# [Source information]
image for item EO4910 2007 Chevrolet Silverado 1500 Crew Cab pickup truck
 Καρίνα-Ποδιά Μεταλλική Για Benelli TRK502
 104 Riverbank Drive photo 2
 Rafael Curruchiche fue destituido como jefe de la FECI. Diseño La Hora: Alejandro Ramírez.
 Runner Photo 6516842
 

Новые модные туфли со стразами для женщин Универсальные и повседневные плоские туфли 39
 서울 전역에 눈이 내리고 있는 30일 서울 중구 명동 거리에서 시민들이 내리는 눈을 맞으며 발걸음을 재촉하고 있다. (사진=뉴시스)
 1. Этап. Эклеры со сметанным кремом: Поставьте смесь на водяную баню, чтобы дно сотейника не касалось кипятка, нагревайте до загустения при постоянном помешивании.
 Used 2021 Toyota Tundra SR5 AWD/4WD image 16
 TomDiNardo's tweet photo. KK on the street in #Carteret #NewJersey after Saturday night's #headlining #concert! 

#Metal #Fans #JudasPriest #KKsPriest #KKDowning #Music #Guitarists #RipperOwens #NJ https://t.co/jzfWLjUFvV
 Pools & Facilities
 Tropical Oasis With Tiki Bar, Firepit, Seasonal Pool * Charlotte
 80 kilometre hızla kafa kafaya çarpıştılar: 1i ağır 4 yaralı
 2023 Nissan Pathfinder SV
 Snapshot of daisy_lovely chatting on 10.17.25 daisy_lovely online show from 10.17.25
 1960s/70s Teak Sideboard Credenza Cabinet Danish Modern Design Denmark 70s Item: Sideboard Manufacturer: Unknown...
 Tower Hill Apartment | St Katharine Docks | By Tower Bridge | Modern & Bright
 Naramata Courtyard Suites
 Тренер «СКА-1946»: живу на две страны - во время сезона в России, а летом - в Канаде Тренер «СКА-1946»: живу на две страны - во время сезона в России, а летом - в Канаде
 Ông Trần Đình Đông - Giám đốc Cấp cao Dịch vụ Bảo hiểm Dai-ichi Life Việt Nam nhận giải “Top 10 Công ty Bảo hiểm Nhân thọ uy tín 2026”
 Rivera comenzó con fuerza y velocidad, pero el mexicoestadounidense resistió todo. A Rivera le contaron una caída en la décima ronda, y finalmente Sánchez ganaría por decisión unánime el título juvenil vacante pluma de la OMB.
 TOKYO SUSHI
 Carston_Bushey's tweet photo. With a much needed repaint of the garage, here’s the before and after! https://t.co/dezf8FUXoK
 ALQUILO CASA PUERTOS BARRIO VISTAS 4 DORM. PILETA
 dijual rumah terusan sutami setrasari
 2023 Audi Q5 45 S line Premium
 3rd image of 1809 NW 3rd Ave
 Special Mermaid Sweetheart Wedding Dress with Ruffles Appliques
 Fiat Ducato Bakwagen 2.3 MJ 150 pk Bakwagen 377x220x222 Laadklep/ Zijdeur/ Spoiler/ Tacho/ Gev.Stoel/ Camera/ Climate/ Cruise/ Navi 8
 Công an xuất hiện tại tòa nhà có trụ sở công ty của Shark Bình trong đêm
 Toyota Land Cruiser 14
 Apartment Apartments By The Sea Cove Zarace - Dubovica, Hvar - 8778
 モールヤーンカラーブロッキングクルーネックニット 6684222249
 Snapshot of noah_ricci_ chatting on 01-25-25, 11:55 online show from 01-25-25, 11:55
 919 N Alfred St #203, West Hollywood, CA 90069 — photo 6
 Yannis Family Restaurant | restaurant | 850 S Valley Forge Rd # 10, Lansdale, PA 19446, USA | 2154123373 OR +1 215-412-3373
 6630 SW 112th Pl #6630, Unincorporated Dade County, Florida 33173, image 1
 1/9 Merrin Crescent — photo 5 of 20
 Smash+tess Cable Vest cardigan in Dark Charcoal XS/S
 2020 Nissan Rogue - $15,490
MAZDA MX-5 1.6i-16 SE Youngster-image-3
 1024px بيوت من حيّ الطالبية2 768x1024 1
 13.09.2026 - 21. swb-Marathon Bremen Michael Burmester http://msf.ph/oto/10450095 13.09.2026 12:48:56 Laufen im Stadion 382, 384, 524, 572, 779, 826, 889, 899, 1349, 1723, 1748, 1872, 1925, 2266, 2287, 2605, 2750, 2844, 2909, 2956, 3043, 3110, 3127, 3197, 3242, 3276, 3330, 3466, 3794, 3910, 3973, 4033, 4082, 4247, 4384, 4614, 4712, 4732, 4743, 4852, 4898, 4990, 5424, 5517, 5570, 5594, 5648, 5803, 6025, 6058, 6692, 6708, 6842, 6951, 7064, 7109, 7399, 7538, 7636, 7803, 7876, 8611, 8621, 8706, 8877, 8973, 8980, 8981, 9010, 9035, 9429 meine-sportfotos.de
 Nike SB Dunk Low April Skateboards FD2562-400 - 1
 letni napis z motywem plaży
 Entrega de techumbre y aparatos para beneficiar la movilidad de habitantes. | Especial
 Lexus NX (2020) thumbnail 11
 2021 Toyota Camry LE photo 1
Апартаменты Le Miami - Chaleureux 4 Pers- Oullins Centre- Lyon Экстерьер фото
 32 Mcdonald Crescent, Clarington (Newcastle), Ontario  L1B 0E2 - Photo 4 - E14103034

# [Problem]
Using the listing above, pull out all lines that hold the word "chatting".

# [Your response]
 Snapshot of daisy_lovely chatting on 10.17.25 daisy_lovely online show from 10.17.25
 Snapshot of noah_ricci_ chatting on 01-25-25, 11:55 online show from 01-25-25, 11:55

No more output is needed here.